3. **Change `TlsIdentity::RawKey`** from `RawKey(iroh::SecretKey)` to
`RawKey(Ed25519SecretKey)`. Remove the `#[cfg(feature = "iroh")]` gate
— `RawKey` is available in all builds.
4. **Rewire `Ed25519SigningKey`** in `endpoint.rs`:
- Change the inner field from `iroh::SecretKey` to `Ed25519SecretKey`
(or `ed25519_dalek::SigningKey`).
- `spki_public_key()`: use `self.key.public().as_bytes()` (same logic,
different key type — `ed25519_dalek::VerifyingKey` has `as_bytes()`).
- `sign()`: use `self.key.sign(message)` → ed25519-dalek's
`SigningKey::sign` returns `Signature` which has `to_bytes()`.
- Change the cfg gate from `#[cfg(all(feature = "quinn", feature =
"iroh"))]` to `#[cfg(feature = "quinn")]` on `RawKeyCertResolver`,
`Ed25519SigningKey`, and all related impls.
5. **Update `build_iroh_endpoint`**: when `TlsIdentity::RawKey(key)` is
present, convert to `iroh::SecretKey::from_bytes(key.as_bytes())`
before passing to `iroh::Endpoint::builder().secret_key(...)`. This
conversion is `#[cfg(feature = "iroh")]` only.
6. **Update `build_rustls_server_config`**: the `RawKey` arm changes
from `#[cfg(feature = "iroh")]` to always-available (within the
`#[cfg(feature = "quinn")]` function). The `RawKeyCertResolver::new`
takes `&Ed25519SecretKey` instead of `&iroh::SecretKey`.

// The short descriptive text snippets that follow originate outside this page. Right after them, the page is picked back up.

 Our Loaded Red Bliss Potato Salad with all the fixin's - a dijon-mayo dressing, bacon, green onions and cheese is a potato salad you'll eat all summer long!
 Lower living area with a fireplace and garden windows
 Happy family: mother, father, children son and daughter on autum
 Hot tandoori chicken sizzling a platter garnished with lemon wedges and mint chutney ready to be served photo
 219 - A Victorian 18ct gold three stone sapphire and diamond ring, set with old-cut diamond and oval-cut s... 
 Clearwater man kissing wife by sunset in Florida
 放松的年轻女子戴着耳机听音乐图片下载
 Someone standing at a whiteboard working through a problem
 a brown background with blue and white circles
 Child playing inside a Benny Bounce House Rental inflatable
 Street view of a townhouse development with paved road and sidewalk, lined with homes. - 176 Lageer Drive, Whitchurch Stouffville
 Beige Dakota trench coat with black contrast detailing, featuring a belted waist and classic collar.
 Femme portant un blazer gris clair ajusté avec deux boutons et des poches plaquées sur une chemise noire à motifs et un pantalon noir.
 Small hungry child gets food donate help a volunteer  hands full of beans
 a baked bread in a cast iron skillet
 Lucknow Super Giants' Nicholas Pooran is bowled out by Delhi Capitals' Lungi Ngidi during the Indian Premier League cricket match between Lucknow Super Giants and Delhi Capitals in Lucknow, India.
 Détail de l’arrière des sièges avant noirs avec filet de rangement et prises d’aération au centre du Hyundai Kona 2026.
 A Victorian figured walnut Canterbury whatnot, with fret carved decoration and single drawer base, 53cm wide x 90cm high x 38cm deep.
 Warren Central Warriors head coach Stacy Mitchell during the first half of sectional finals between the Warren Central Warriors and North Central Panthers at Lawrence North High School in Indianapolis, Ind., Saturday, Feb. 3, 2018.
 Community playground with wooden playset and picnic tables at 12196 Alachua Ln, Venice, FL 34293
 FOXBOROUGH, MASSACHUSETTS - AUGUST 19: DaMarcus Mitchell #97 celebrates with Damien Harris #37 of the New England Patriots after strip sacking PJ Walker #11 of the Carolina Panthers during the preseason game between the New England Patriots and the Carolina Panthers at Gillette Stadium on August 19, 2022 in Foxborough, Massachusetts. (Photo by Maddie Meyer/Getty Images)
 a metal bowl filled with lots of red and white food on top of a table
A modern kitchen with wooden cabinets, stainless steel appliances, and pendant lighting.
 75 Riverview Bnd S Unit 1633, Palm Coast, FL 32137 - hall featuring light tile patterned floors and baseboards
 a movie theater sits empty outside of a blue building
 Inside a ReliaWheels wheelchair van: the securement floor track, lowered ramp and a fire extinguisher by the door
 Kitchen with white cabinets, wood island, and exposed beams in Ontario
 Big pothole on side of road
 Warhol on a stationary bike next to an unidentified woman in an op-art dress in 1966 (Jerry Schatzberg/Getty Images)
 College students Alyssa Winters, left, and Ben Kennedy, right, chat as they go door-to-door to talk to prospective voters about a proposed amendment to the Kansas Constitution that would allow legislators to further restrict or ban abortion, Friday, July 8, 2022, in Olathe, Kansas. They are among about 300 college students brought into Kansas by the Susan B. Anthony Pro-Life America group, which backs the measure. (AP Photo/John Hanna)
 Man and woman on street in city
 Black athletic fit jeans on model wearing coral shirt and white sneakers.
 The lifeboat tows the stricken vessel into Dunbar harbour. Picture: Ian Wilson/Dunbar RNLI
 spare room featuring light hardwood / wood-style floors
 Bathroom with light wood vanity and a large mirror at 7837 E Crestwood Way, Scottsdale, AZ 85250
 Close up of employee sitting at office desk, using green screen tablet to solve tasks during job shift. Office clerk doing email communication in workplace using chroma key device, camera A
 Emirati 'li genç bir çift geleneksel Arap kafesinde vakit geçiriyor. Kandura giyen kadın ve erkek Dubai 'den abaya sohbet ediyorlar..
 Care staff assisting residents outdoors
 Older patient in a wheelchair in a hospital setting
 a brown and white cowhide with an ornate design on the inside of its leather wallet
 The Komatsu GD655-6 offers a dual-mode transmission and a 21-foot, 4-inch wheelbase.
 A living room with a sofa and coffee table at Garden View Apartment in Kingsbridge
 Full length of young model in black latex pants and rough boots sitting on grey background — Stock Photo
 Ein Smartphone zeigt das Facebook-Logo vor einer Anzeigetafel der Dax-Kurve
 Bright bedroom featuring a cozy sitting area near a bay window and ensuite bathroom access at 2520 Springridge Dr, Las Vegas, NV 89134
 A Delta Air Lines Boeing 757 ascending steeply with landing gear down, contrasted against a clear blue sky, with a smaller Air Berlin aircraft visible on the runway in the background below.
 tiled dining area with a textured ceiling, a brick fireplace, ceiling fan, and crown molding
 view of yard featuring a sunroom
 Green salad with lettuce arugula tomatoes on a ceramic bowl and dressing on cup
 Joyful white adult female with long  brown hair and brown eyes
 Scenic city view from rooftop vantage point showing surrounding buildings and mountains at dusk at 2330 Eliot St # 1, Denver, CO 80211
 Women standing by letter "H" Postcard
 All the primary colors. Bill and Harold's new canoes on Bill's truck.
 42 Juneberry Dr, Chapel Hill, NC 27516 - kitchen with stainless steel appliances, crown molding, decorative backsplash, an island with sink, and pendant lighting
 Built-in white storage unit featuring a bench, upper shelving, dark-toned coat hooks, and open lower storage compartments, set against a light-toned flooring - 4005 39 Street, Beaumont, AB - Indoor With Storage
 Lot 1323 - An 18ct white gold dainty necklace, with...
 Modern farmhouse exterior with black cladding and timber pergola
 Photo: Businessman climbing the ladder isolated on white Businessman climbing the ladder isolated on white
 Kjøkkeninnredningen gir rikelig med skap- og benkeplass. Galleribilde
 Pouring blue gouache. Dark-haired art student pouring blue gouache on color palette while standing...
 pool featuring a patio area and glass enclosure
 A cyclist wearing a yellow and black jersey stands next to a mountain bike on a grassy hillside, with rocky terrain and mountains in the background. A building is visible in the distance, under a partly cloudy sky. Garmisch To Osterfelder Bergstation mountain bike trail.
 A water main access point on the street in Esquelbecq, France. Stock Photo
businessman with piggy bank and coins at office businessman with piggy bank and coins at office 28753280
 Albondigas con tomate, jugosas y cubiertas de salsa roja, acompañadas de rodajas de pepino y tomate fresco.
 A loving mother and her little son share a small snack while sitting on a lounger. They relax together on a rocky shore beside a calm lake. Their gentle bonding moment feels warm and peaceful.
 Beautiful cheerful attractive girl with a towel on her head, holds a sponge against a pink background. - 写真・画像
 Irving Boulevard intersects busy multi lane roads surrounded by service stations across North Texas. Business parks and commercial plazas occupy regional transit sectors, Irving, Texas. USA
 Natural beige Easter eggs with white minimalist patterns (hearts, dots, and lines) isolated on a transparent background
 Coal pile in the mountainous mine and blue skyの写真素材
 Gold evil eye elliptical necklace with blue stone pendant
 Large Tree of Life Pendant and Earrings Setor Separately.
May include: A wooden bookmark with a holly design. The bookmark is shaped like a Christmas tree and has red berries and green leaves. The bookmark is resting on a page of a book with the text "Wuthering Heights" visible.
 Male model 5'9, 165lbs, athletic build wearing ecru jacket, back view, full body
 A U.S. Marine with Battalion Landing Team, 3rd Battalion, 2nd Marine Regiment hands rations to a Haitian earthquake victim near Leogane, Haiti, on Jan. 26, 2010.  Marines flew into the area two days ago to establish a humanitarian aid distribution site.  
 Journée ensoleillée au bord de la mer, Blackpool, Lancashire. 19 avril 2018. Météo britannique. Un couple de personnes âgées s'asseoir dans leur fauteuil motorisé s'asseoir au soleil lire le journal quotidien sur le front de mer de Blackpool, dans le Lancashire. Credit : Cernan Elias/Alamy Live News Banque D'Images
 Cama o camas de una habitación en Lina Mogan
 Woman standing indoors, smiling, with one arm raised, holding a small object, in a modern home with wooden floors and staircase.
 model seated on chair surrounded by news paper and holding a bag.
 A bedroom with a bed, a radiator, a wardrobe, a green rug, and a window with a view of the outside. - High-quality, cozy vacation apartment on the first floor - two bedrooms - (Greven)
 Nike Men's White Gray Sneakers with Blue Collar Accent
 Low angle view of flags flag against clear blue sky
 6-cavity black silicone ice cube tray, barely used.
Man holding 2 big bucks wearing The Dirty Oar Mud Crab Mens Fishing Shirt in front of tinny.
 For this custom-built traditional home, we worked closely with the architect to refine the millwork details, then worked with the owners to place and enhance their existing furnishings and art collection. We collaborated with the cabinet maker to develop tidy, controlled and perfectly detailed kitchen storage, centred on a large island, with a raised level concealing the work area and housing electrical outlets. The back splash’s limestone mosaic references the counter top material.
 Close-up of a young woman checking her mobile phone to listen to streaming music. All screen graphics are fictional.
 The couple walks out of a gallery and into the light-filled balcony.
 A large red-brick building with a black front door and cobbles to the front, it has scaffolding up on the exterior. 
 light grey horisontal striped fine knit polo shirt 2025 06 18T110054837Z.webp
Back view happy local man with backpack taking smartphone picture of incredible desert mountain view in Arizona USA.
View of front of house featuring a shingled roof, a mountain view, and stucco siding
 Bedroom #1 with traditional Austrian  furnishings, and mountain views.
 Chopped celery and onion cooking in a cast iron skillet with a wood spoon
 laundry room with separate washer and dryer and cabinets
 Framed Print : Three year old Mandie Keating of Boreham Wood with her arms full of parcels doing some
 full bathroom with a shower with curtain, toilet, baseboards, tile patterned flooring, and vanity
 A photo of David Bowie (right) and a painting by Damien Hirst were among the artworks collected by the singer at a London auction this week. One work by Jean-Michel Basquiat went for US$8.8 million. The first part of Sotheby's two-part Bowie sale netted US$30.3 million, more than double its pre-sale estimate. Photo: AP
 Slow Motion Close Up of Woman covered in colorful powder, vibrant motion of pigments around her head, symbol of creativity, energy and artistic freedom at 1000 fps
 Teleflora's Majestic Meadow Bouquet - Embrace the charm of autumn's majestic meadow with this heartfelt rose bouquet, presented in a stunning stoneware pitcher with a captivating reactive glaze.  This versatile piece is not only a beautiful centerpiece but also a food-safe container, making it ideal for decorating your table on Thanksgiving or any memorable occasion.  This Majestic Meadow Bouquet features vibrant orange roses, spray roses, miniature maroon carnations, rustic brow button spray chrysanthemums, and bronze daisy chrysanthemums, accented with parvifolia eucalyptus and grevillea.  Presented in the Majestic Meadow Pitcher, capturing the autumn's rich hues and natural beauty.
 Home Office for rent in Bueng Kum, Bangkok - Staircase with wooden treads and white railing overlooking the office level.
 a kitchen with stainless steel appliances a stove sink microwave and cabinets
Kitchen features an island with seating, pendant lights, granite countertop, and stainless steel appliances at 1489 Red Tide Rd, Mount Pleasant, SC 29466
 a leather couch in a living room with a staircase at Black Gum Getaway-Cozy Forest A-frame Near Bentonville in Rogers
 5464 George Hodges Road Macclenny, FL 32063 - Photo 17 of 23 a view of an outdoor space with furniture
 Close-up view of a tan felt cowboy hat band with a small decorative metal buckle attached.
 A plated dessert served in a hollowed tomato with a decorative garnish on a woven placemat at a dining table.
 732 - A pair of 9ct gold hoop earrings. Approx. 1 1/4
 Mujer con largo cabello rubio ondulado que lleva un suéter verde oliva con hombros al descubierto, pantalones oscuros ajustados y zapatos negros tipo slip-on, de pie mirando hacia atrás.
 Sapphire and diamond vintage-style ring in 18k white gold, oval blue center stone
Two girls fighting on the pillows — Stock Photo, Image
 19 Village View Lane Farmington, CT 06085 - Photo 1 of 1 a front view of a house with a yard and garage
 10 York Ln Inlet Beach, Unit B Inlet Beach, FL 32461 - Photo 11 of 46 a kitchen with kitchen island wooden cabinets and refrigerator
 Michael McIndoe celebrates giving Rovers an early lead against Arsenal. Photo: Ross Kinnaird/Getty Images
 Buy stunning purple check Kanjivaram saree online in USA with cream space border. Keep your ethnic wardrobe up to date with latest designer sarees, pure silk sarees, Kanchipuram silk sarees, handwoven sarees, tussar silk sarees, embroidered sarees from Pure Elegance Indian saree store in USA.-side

7. **Update all tests** that construct `TlsIdentity::RawKey`:
- `endpoint.rs` tests: `iroh::SecretKey::generate(&mut csprng)` →
`Ed25519SecretKey::generate()`.
- Any test in `config.rs` that constructs `RawKey`.
### What NOT to change
- `TlsIdentity::X509` and `SelfSigned` — untouched by this task.
- The `endpoint-request-client-cert` task (server config client auth) —
independent, can proceed in parallel or before/after this task.
- ACME — separate follow-up task (`core/acme-integration`).
## Acceptance Criteria
- [ ] `ed25519-dalek` is a direct dependency of alknet-core
- [ ] `Ed25519SecretKey` type exists with `generate`, `from_bytes`, `as_bytes`, `public`; redacting `Debug`; `ZeroizeOnDrop`
- [ ] `TlsIdentity::RawKey` uses `Ed25519SecretKey`, not `iroh::SecretKey`
- [ ] `TlsIdentity::RawKey` is not gated behind `#[cfg(feature = "iroh")]`
- [ ] `RawKeyCertResolver` and `Ed25519SigningKey` are gated `#[cfg(feature = "quinn")]` only (not `all(feature = "quinn", feature = "iroh")`)
- [ ] `build_iroh_endpoint` converts `Ed25519SecretKey` → `iroh::SecretKey::from_bytes`
- [ ] `cargo build -p alknet-core --features quinn` (no iroh) succeeds with `TlsIdentity::RawKey` usable
- [ ] `cargo build -p alknet-core --all-features` succeeds
- [ ] `cargo test -p alknet-core --all-features` succeeds
- [ ] `cargo test -p alknet-core --features quinn` succeeds (quinn-only, no iroh)
- [ ] `cargo clippy -p alknet-core --all-features --all-targets` clean
- [ ] `cargo clippy -p alknet-core --features quinn --all-targets` clean
## References
- ADR-027 — full design rationale
- crates/alknet-core/src/config.rs:33-41 — `TlsIdentity` enum
- crates/alknet-core/src/endpoint.rs:593-689 — `RawKeyCertResolver`, `Ed25519SigningKey`
- crates/alknet-core/src/endpoint.rs:511-538 — `build_iroh_endpoint` (conversion site)
- crates/alknet-core/src/endpoint.rs:484-495 — `build_rustls_server_config` RawKey arm
- /workspace/iroh/iroh-base/src/key.rs:261 — `iroh::SecretKey(SigningKey)` newtype
## Notes
> This is the foundation task for ADR-027. The ACME task
> (`core/acme-integration`) depends on this one because both modify
> `TlsIdentity` and `build_rustls_server_config`. Doing decoupling first
> means the ACME task builds on the cleaned-up enum without iroh coupling.